手前が高貴な方がお休みになられる御成の間、奥が、次の間です。
篤姫さまが立ち寄った日は、残暑の厳しい夏の時期であり、スイカを食べたがられて、たくさんのスイカをお召し上がりになったそうです。
殿様専用の便所です。糞尿を受ける壺などはなく、くり抜いた床の下に置かれた砂箱を毎回交換するという方式です。この仕様になっているのは大きな理由がありまして、下手に糞尿受けなど置こうものなら、暗殺者などがそこに潜むなどということができてしまうからですね。
この便所は、殿様専用の便所です。便所の下には砂を厚く敷きつめた砂箱が置いてあります。
殿様は、この砂の上に便をされました。
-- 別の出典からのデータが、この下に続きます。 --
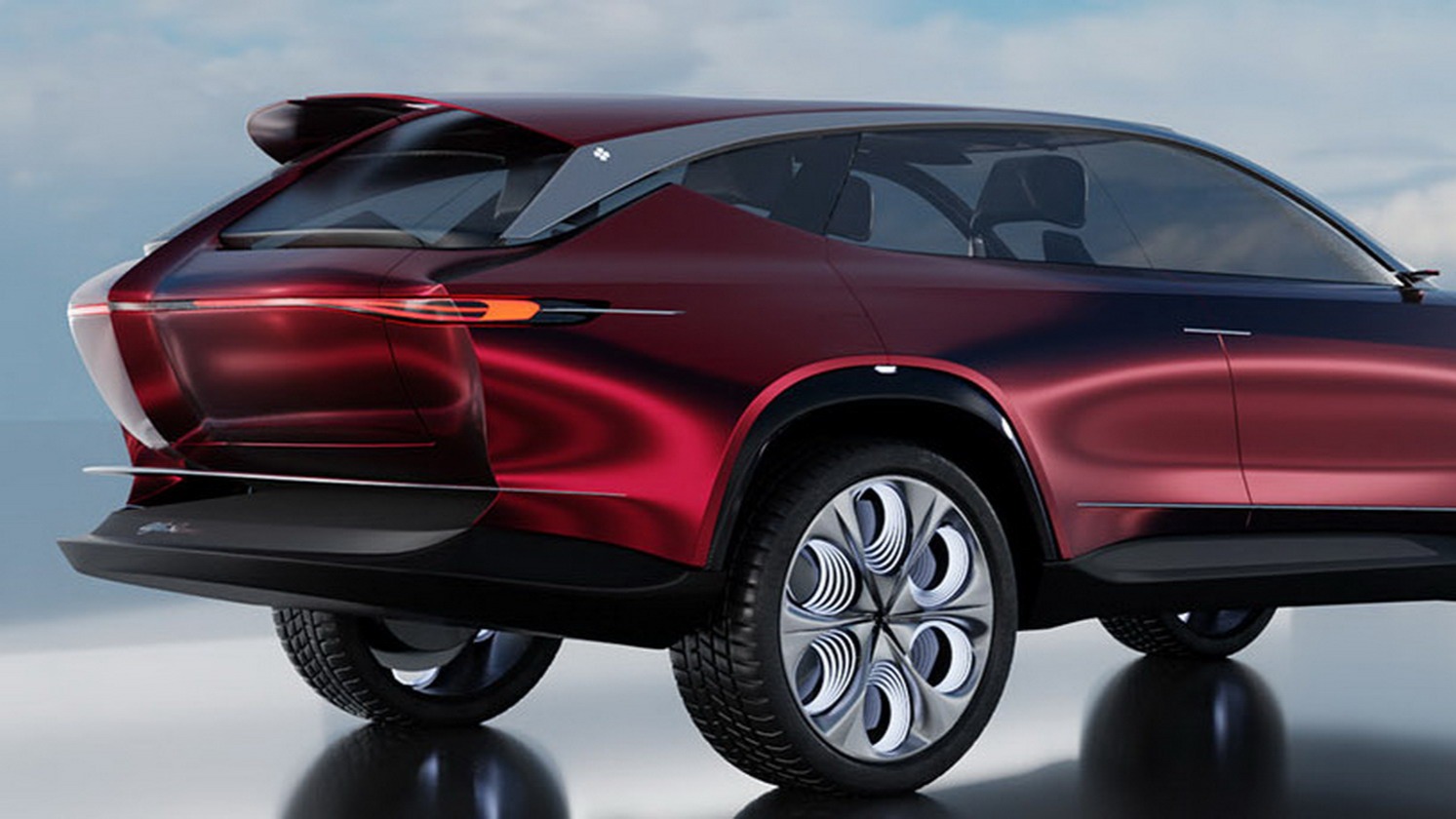 Alfa Romeo Vassago tegnet av Hao Hu sett på skrå bakfra.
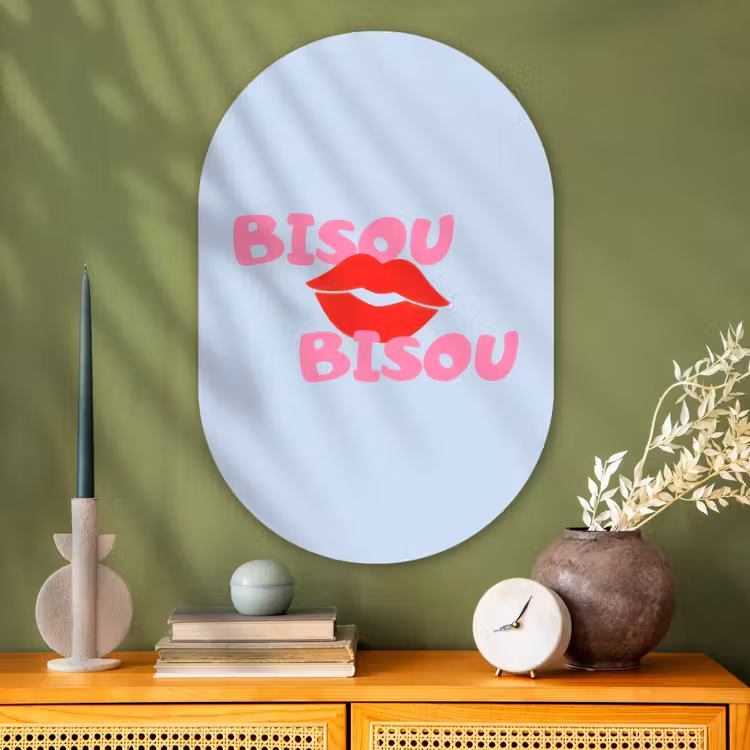 Muurovaal - Glas - Lippen - Bisou - Blauw — 2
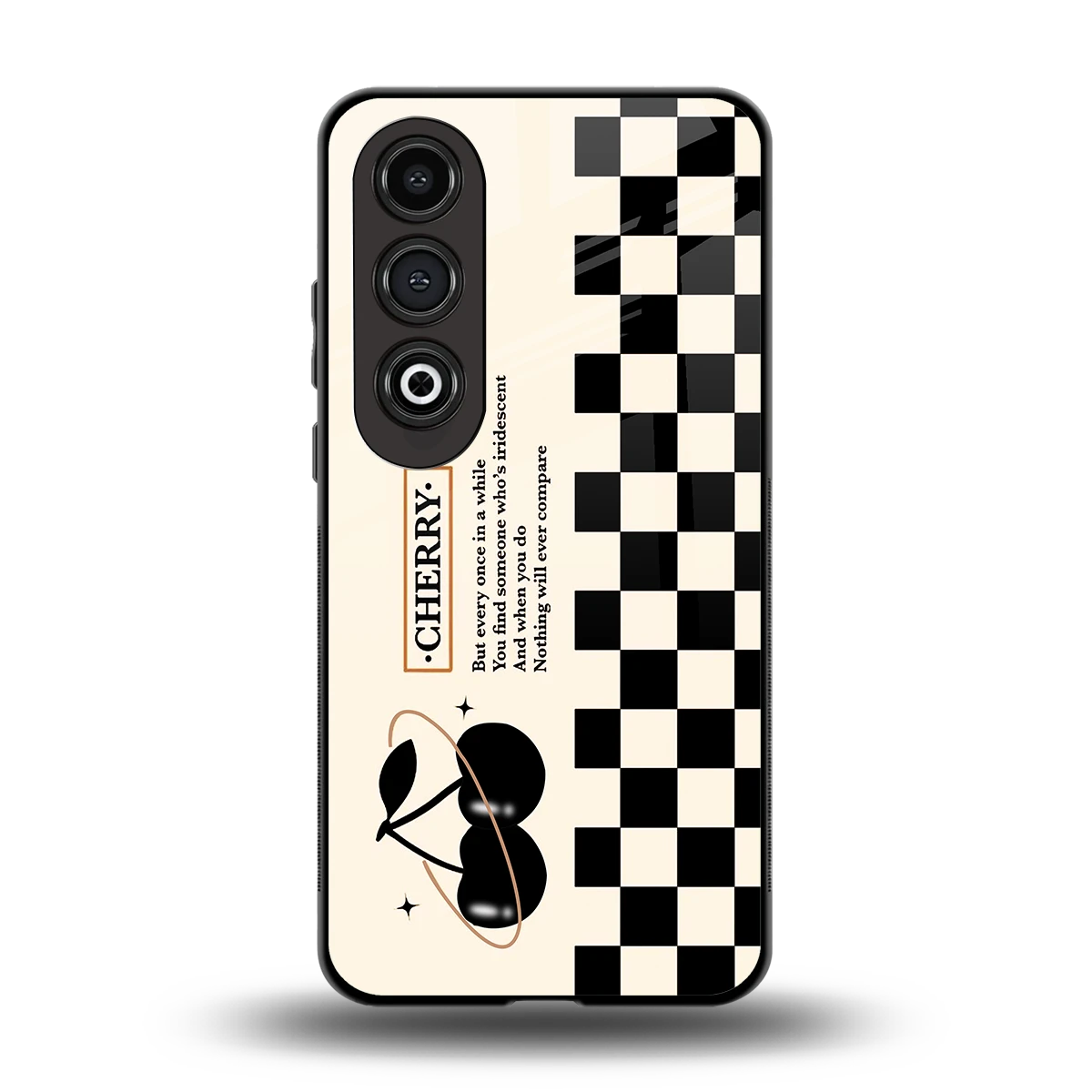 Cherry Checkered back phone cover | glass case for oneplus nord ce 4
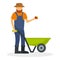 Farmer with wheelbarrow icon, flat style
大便はそのたびごとに、ご典医が調べたそうです。
なお、便所の横には、常に警護の武士が待機していたとのことです。
殿様が便所を利用されている間、警護の武士が待機していた場所です。この下の隙間から、砂箱を取り出しました。
実はこの屋敷、旅籠(はたご)ではありません。問屋と質屋を営んでいた、庄屋の堀内家のお屋敷なのです。とても立派な屋敷であるがゆえ、お殿様などが参勤交代でお休みになるときに利用されていたということなのです。
篤姫さまがお召し上がりになったスイカを冷やしたと言われる井戸。熊本水遺産に指定されています。
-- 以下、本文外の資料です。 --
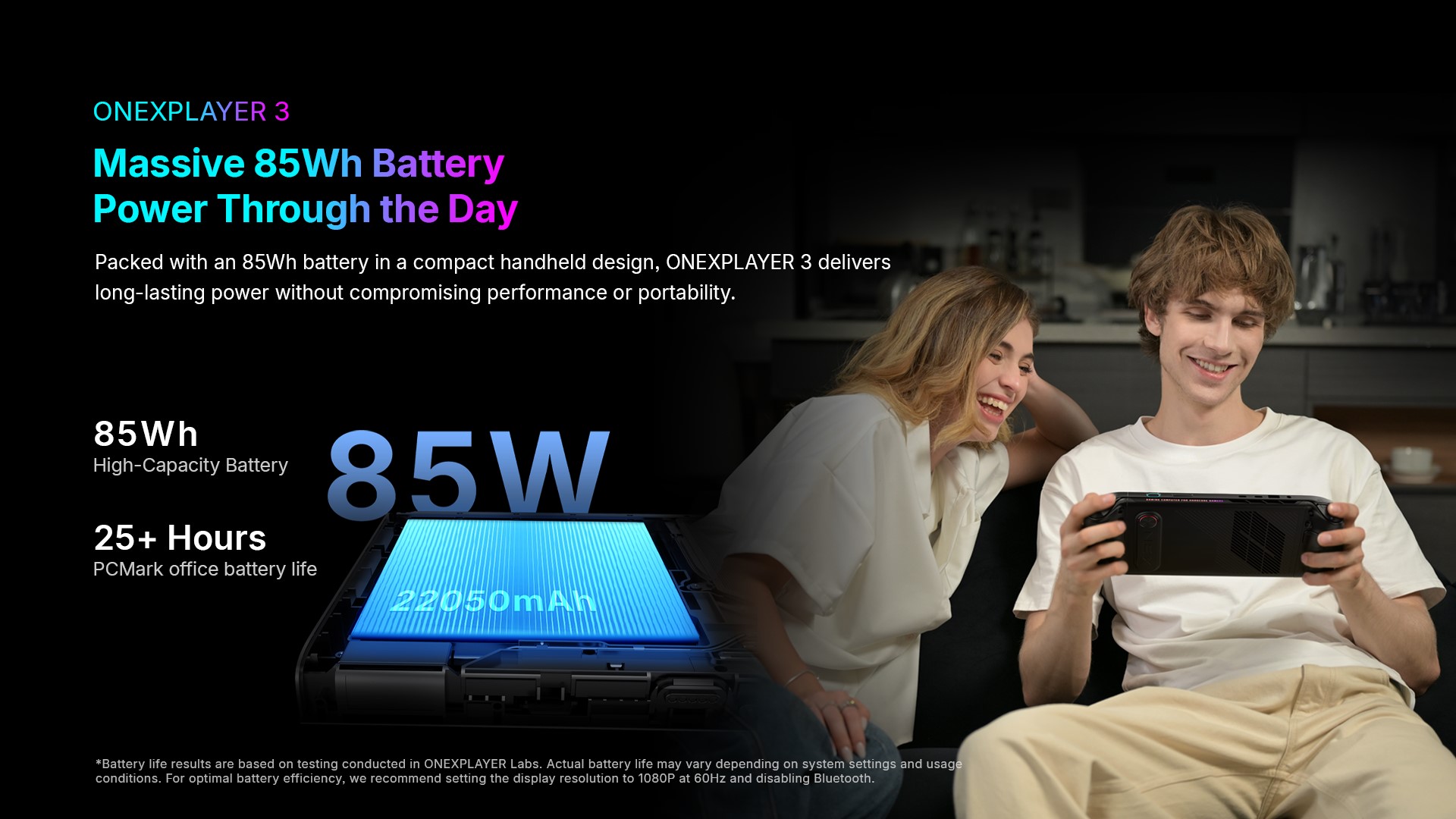 The image showcases a promotional graphic for the ONEXPLAYER 3 handheld gaming device, highlighting its 'Massive 85Wh Battery Power Through the Day' with '85W High-Capacity Battery' and '25+ Hours PCMark office battery life,' accompanied by a photo of two people smiling while using the device.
質屋や問屋を営んでいたときの古道具なども数多く所蔵されており、しかもガラスケースにも入っておらず触れることもできますから、こういった古道具が好きな人にはたまらないのでは・・・と思います。
いまでいうところの、手提げ金庫についてるコインカウンターでしょうか。お金を素早く正確に数えるためにこんな道具があったんですね。
大福帳。商家での売り買いを記録した帳面です。
さおばかり。このほか、とても紹介しきれないほど多くのものがありますので、あとは実際に訪れて見てください。古道具を歴史ロマンにひたりつつ、味わってみはじめようものなら、ここは1日かかっても堪能しきれません。
日本初の落下傘部隊隊長である、堀内家最後の当主、堀内豊秋氏に関しての資料も数多く収蔵されているのですが、それはまた次回。